WORK INSTRUCTION. All that is needed is an exact repetition of the lines from the one containing "Pendientes de Gancho" through the final line of the material, without pictures.

COLLECTED DATA.

- - -

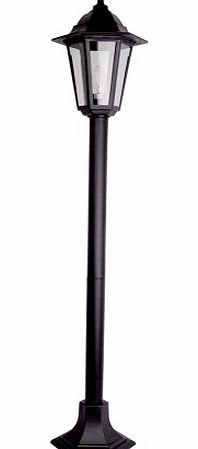 MiniSun Traditional 1.2m Black IP44 Outdoor Garden Lamp Post Bollard Light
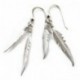 Pendientes de Gancho en Plata Esterlina 925, Plumas de Aguila Espiritu Animal E001 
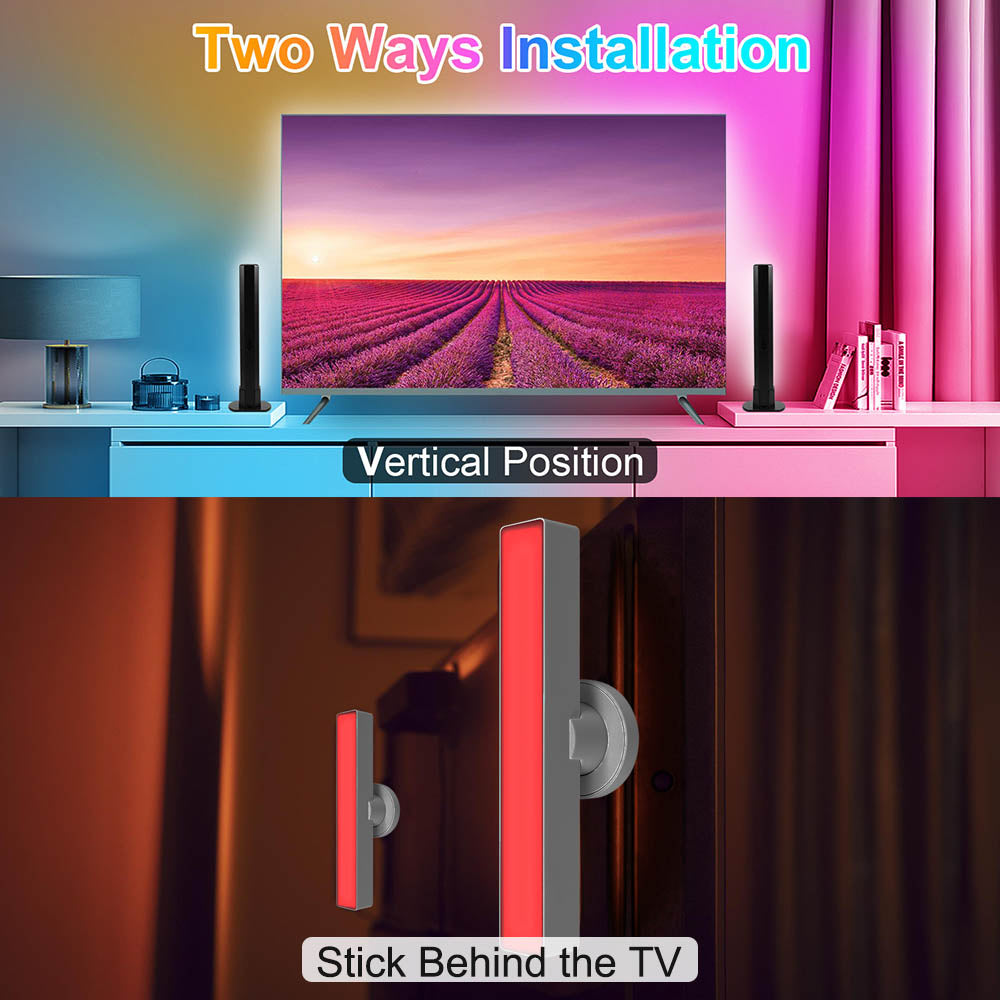 Smart RGB Light Bars for Gaming Desk TV Backlight and Room Decor view 11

- - -

YOUR RESPONSE.
 Pendientes de Gancho en Plata Esterlina 925, Plumas de Aguila Espiritu Animal E001 
 Smart RGB Light Bars for Gaming Desk TV Backlight and Room Decor view 11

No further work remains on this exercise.